#### [TASK BRIEF]
Report only the number of lines that contain the string "sale" in the records below.

BEGIN

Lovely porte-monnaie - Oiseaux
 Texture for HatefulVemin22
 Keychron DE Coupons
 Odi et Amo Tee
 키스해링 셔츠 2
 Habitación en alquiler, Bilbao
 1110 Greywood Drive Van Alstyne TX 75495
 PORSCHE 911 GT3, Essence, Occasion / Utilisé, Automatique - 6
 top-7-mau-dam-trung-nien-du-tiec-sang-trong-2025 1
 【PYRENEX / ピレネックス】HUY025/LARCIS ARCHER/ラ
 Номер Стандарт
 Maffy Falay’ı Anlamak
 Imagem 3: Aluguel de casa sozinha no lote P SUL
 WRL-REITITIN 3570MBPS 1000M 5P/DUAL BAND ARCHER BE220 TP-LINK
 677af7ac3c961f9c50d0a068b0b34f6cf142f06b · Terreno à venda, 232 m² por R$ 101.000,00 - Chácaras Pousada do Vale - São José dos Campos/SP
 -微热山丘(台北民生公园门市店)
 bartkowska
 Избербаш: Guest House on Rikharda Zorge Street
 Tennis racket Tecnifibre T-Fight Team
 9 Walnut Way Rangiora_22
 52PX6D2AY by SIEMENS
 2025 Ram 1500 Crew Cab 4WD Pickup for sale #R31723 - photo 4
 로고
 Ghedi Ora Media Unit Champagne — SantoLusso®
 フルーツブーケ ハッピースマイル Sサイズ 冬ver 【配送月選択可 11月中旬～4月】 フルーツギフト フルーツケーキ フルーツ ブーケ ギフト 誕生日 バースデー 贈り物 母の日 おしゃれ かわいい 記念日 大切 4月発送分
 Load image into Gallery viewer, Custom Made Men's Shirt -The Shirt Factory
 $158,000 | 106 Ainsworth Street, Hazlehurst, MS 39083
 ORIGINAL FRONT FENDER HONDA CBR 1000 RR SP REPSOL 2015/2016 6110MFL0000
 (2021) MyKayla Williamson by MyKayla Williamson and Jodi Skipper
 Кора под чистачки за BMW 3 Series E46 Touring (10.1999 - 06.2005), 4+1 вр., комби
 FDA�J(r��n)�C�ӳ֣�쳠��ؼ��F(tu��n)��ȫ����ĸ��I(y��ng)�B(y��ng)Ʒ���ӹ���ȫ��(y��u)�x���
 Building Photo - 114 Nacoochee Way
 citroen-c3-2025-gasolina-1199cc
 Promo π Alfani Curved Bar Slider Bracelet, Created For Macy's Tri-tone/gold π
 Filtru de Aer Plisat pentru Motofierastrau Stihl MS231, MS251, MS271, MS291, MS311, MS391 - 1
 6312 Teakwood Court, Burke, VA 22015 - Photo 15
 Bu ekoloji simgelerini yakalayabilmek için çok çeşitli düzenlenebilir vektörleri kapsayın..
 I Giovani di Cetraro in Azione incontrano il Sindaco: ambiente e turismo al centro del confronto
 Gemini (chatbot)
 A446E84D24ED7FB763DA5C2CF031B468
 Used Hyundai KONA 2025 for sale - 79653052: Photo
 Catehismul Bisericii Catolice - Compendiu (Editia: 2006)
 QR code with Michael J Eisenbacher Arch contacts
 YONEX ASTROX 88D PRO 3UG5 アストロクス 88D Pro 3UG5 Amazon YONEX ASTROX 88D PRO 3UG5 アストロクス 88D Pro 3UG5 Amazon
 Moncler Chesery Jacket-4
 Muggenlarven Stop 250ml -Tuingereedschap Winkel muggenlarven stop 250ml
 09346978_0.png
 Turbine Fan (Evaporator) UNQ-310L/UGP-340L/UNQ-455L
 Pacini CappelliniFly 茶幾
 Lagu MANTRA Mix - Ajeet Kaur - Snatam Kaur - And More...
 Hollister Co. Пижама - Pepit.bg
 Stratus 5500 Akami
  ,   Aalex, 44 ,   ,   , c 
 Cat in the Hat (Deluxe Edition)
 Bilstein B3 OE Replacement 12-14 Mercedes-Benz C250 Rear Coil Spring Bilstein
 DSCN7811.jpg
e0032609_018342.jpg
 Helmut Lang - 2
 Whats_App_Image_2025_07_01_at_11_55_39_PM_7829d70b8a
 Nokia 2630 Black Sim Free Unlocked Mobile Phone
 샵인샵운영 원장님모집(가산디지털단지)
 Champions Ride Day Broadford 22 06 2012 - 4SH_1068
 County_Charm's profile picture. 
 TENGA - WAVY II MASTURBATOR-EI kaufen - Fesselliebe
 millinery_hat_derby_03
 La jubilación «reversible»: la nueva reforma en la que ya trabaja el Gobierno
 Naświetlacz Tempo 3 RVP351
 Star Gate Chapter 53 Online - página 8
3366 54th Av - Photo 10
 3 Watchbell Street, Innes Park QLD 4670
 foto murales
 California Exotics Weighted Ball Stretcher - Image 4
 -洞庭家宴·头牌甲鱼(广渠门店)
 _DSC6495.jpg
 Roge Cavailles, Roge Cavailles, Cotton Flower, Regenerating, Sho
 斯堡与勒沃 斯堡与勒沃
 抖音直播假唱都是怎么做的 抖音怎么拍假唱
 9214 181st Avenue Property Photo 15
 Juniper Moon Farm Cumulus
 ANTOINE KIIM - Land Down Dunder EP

END

#### [TASK RESPONSE]
2